LouisDesdoigts commented 5 days ago

So this function is designed to be used with a set of input parameter paths as defined in Zodiax. So once we have defined what leaves we want to take gradients with respect to ie params = ['diameter', 'flux', 'coefficients'] we can the call the set_array function on our model and it should return the same object but with those leaves enforced to be array of the correct dtype. ie:

optics = ... 

params = ['diameter', 'flux', 'coefficients']

optics = set_array(optics, params) # This object should always return gradients for all leaves defined by params

However judging by that error message I suspect that you are pointing to a leaf that is set as None. I should also note that this method is designed to use the same set of params that is passed into the zodiax filter functions (filter_grad, filter_value_and_grad)

Could you provide a minimum working example (MWE)? Its hard to say much more with a single error that I can't reproduce.

h-greer commented 5 days ago

It looks like I was using the function incorrectly, then. I'd tried putting it inside the Zodiax filter functions directly, but that broke the optimiser with that type error when it tries to combine an array-ified gradient with an unmodified system.

LouisDesdoigts commented 5 days ago

Ultimately it should live within the zodiax filter function, but applying before being passed to the filter function was just my hacky way around not modifying zodiax.

Looking back over the function I sent, it actually isn't doing exactly what I said. It actually has no dependence on the parameters input (it was an earlier version that did this) and simply sets everything that it can to an array of the correct dtype to avoid issues with re-compilation arising from different precision of various leaves. That said this method should actually be more robust, it can't change any of the behavior of the object it returns, as an array type is a strict super-set of a float type.

If your error is now arising from an interaction with the optimiser object (I assume an optax object?) its possible optax strictly enforces exact dtypes. The quick test for this would be to call the set_array function before passing it to any optimisers.

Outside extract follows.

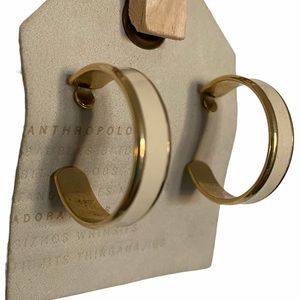 ANTHROPOLOGIE C Hoop Gold & Ivory Earrings NWT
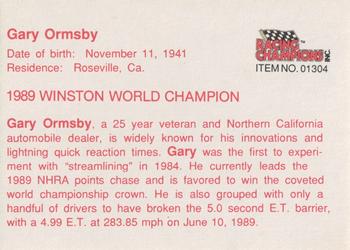 1989 Racing Champions Dragster #01304 Gary Ormsby Back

h-greer commented 5 days ago

I've found the cause of the optimiser error, there was an is_array instead of is_inexact_array_like inside zodiax.get_optimiser that was obliterating the floats before they even made it into optax. Changing that and using set_array inside the filter functions seems to work without errors. I'll double-check that I haven't made any mistakes and make a PR in Zodiax tomorrow

LouisDesdoigts commented 4 days ago

Ah yes that would do it, good find!

I've actually overhauled that function in my local work and various other things in zodiax (its in need of some tender love and care tbh), so that function is somewhat out of date, but all improvements are welcome!